Supplied material –
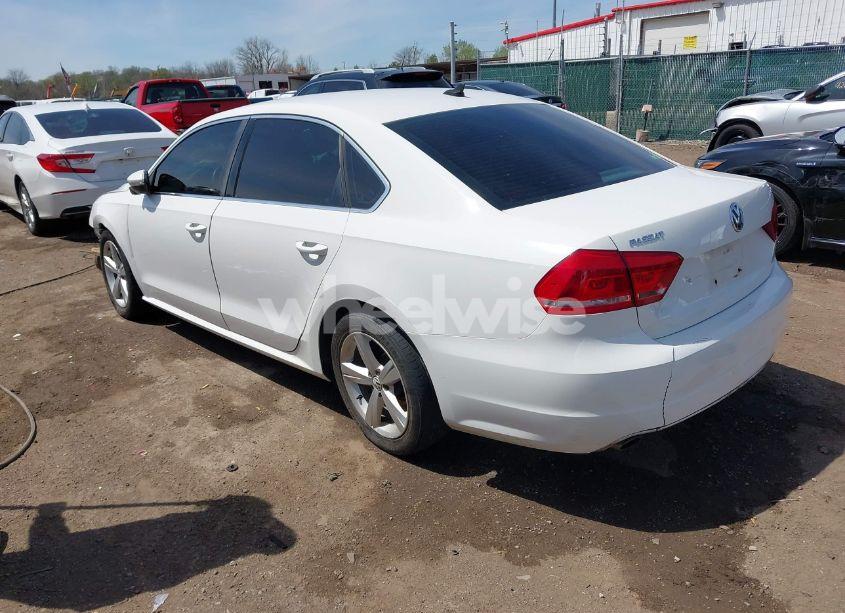 Photo 3 of 2012 Volkswagen Passat 2.5L SE (VIN 1VWBP7A34CC012643)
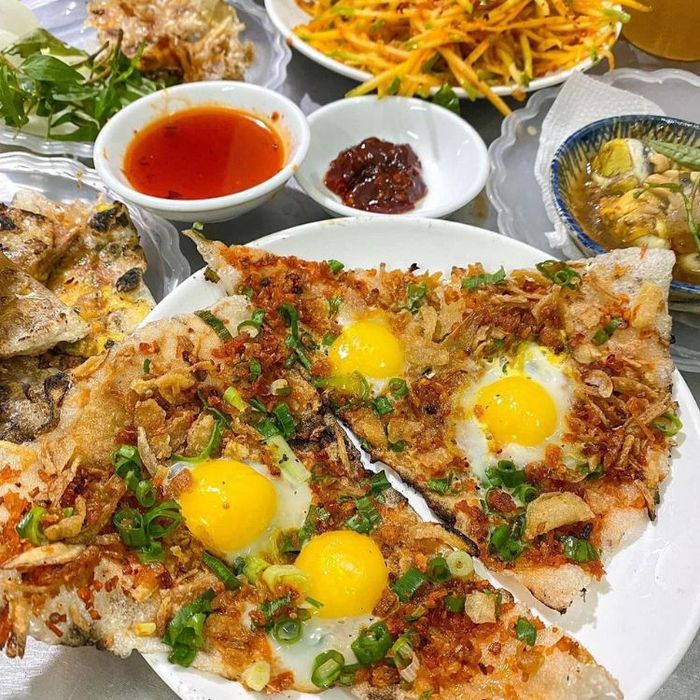 Bánh Tráng Kẹp - Món ngon đặc trưng của Đà Nẵng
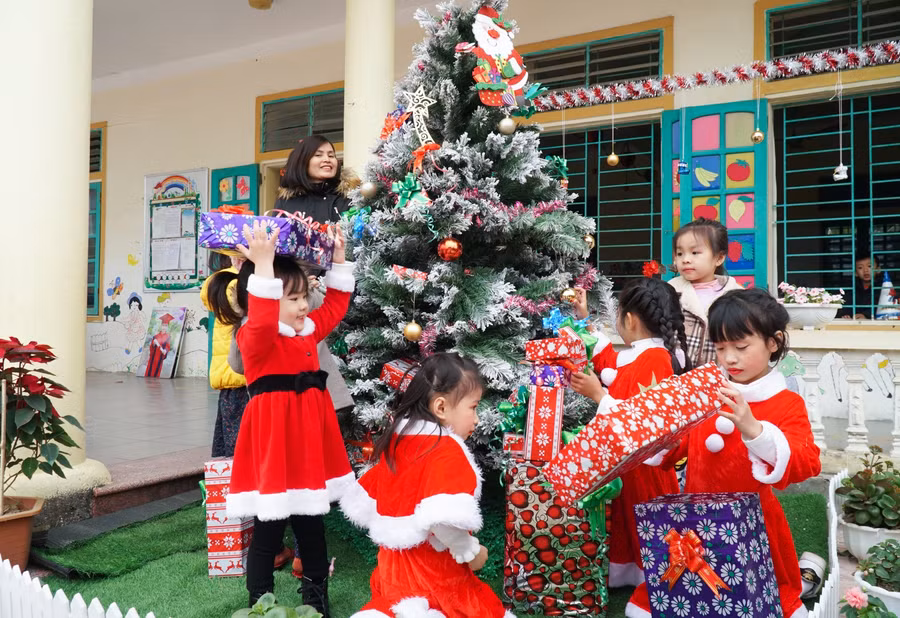 Đối với trường mầm non, các cô giáo cũng đã trang trí cây thông Noel cùng các phần quà để tạo không khí Giáng sinh cho các bạn nhỏ.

Required work – Repeat the data exactly as given. Keep every picture out of the copy.

Result of this task –
 Photo 3 of 2012 Volkswagen Passat 2.5L SE (VIN 1VWBP7A34CC012643)
 Bánh Tráng Kẹp - Món ngon đặc trưng của Đà Nẵng
 Đối với trường mầm non, các cô giáo cũng đã trang trí cây thông Noel cùng các phần quà để tạo không khí Giáng sinh cho các bạn nhỏ.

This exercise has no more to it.